What needs to be done:
Copy exactly, and only, the lines from the line containing "2026 Mercedes-Benz E-CLASS E 300 CLE 300" through the last line of the records below, both included, and leave out any pictures.

(Scraped caption text data)
--------

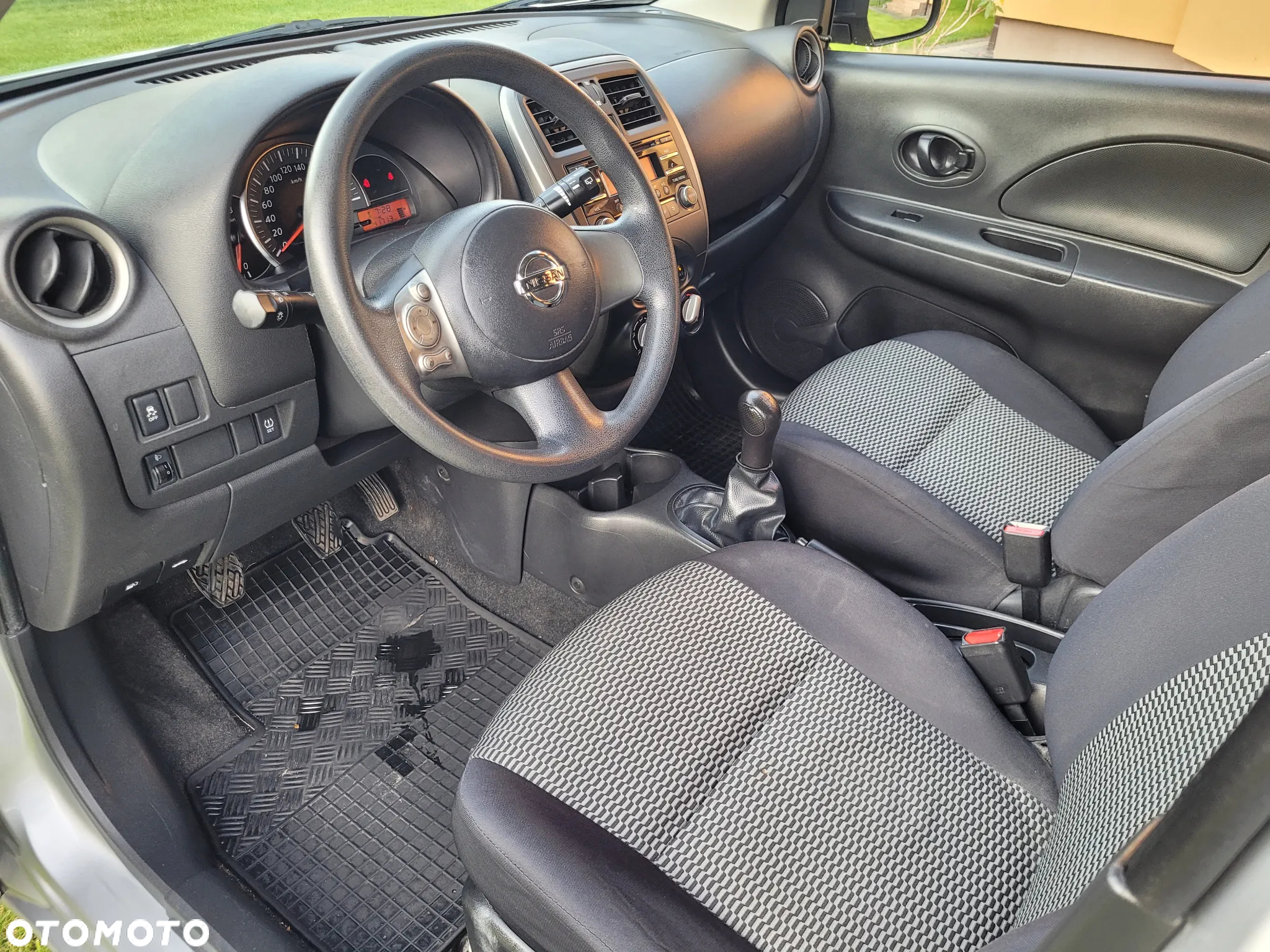 Nissan Micra 1.2 Acenta EU6 - 5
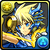 No.2238 渾天の光明神?アポロン(渾天之光明神?阿波羅)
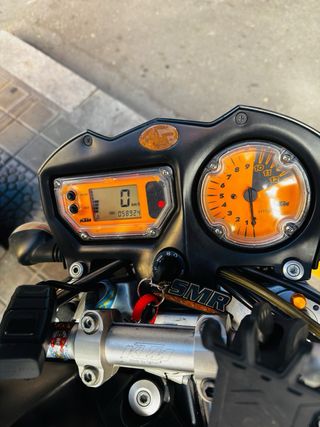 KTM 990 Super Duke R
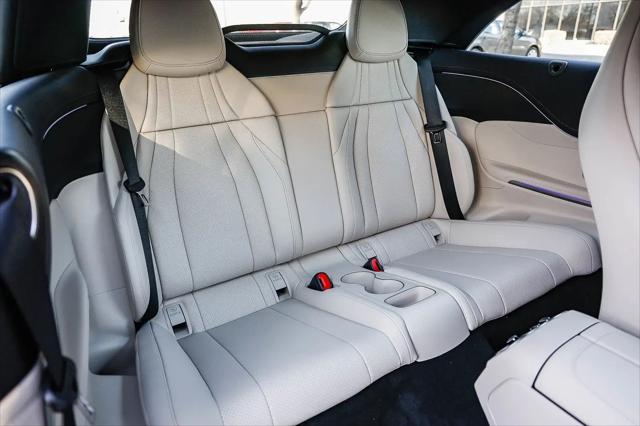 2026 Mercedes-Benz E-CLASS E 300 CLE 300
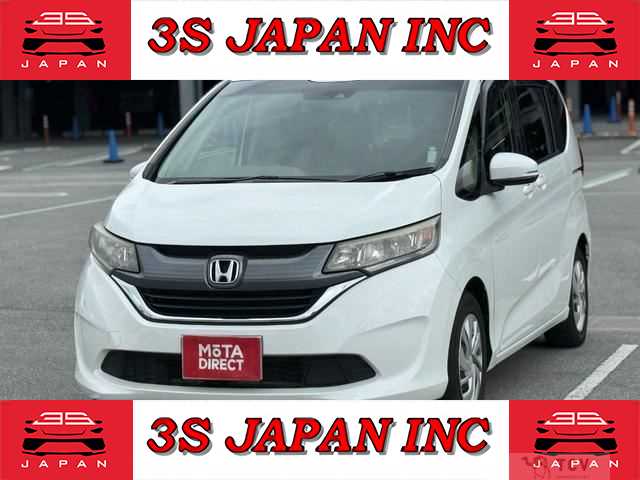 2018 Honda Freed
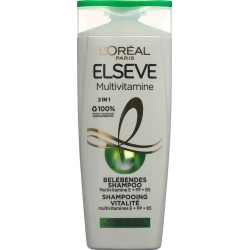 Elseve Multivitamine Belebendes Shampoo 2in1 250ml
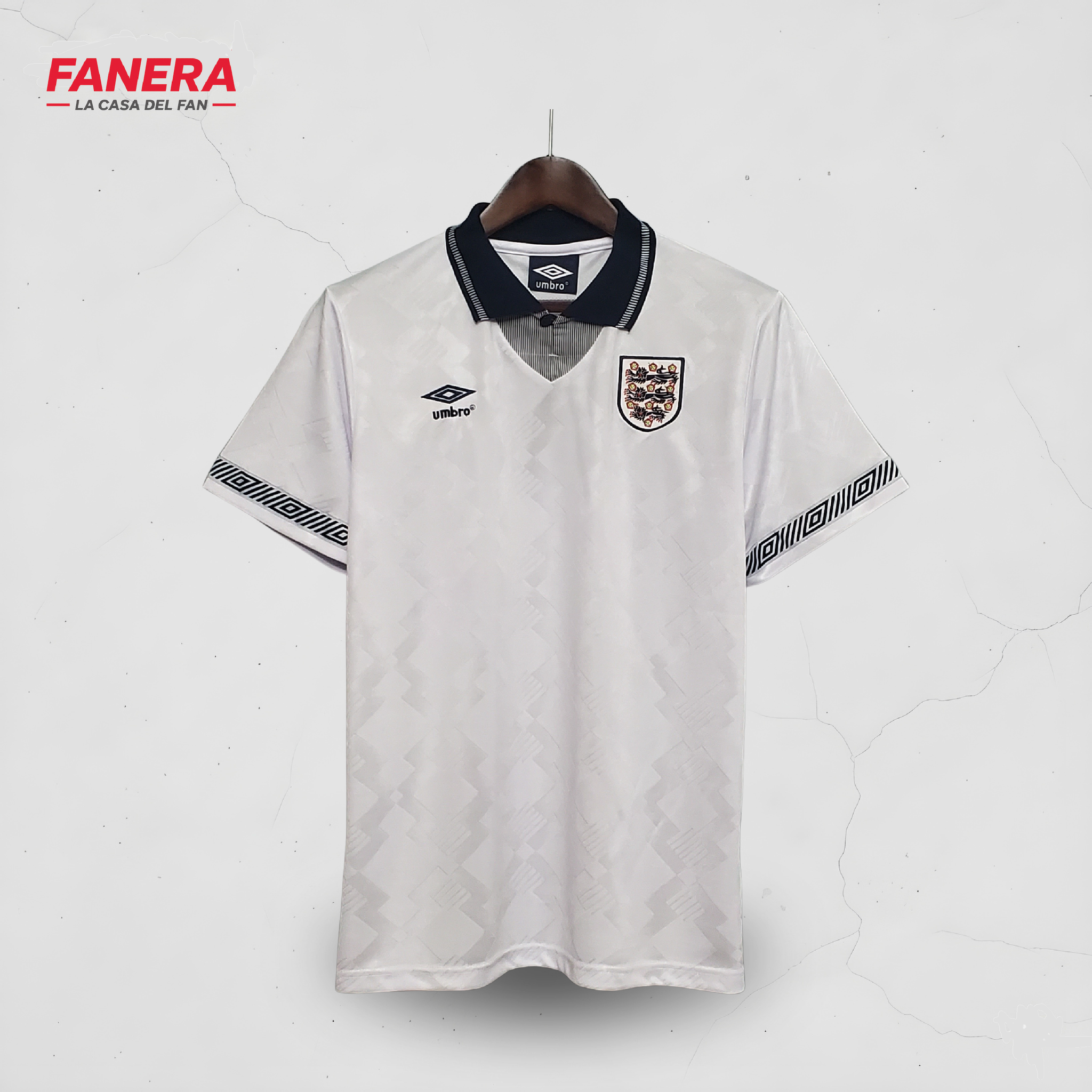Inglaterra Local 1990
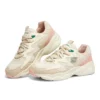 Sapatos de corrida de cano baixo D Lites Airy Branco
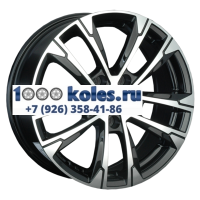 Replay 7x17/5x112 ET40 D57,1 SK62 BKF (конус, C570)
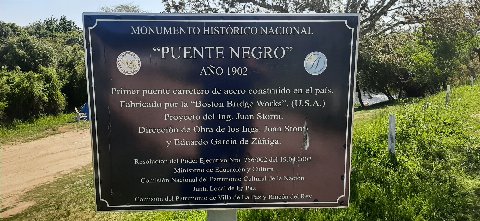El Puente Negro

--------

Response:
 2026 Mercedes-Benz E-CLASS E 300 CLE 300
 2018 Honda Freed
 Elseve Multivitamine Belebendes Shampoo 2in1 250ml
Inglaterra Local 1990
 Sapatos de corrida de cano baixo D Lites Airy Branco
 Replay 7x17/5x112 ET40 D57,1 SK62 BKF (конус, C570)
El Puente Negro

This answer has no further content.